Typeclasses

Note: This is not an officially supported Google product.

Typeclasses for the Carp programming language, inspired by Haskell's categorical classes, implemented as interfaces.

Copying and Mutating Interfaces

While this library takes significant inspiration from Haskell and attempts to follow its use of categorical concepts directly in many ways, it harbors no illusions about functional purity. Carp, unlike Haskell, is not a purely functional programming language and uses a borrow checker to permit "impurities" such as side-effects and mutations safely.

In adherence to this reality, you'll find that, in addition to the "purely" functional variants of interfaces for functor, applicative, and other classes, there are mutating versions which irrevocably alter their arguments in-place. For example, in addition to fmap, this library defines fmap!:

(definterface fmap! (Fn [(Ref (Fn [a] a)) (Ref (f a))] Unit))

Which is the mutating variant of fmap and will apply its function argument to a structure in-place.

The library's function names adhere to the convention of appending a ! to any interface or function that performs a mutation or alters a value in-place. Additionally, most if not all of such functions return Unit.

Implementations of mutating interfaces such as fmap! are generally expected to perform mutation to alter a value in-place and may potentially be unsafe. Contrarily, functions without the trailing !, such as fmap are "pure", are generally expected to have no side-effects, and are expected to copy a value or return an entirely new value rather than modify an argument in-place.

Values and References

In keeping with the semantics described above, copying interfaces generally accept a value as an argument, while mutating interfaces generally accept a reference:

;; *copying* fmap, takes a value of `(f a)`
(definterface fmap (Fn [(Ref (Fn [a] b)) (f a)] (f b)))
;; *mutating fmap* takes a reference to an `(f a)`
(definterface fmap! (Fn [(Ref (Fn [a] a)) (Ref (f a))] Unit))

Epimorphic and Endomorphic Function Arguments

The copying and mutating variants of interfaces also expect different kinds of function arguments. Copying interfaces typically only require that their function arguments be surjective or epimorphic; that is, they are allowed to have distinct argument and return types. Consider the copying variant of fmap:

(definterface fmap (Fn [(Ref (Fn [a] b)) (f a)] (f b)))
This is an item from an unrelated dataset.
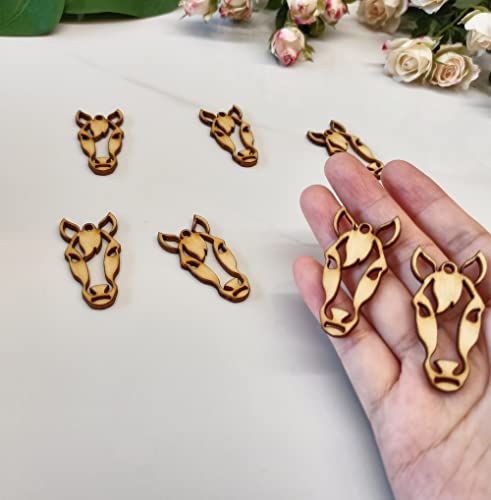 30pcs of Horse Head Earrings Unfinished Wood Blanks,Unfinished Laser Cut Wood Shapes for Earrings Jewelry Crafts (1.7inch) Yuxuanish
Its function argument maps from the argument type a to the return type b, and a and b may be different; e.g. Int and Bool.

Contrarily, the function arguments of mutating interfaces must be endomorphic; that is, their argument and return types must be the same, consider the mutating variant of fmap, fmap!:

(definterface fmap! (Fn [(Ref (Fn [a] a)) (Ref (f a))] Unit))
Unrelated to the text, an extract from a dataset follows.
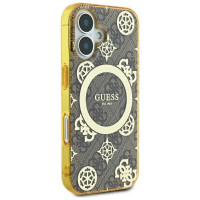 Guess IML Peony On 4G Background MagSafe iPhone 16 Case - Brown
Its function argument maps from the argument type a to the same return type a; e.g. if a is an Int the function must return and Int. One could call this the endomorphism restriction for mutating interfaces.
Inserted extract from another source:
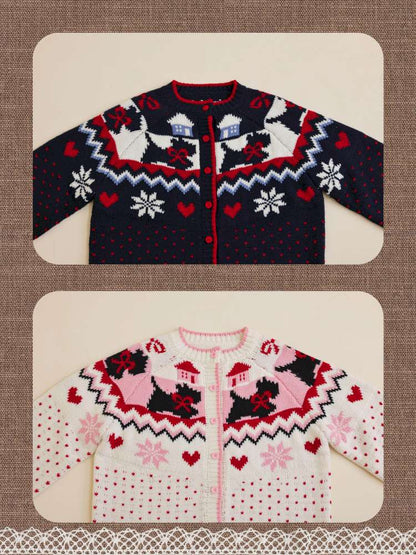 Bow Snowflake Island Wool Sweater【s0000015098】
The endomorphism restriction may make more sense when we consider an example use case of the mutating version of fmap:

(let-do [m (Maybe.Just 2)] (fmap! &inc &m) m)

In the above sample, we use fmap! to increment the value contained in a Maybe in-place. &m is a reference to some memory allocated to hold a value of Maybe Int. The call to fmap! directly modifies this reference to update the value held in the memory it points to. If we altered the inhabitant type of the maybe, this might cause memory errors, as the size allocated for the value may wind up being incorrect once the type changes.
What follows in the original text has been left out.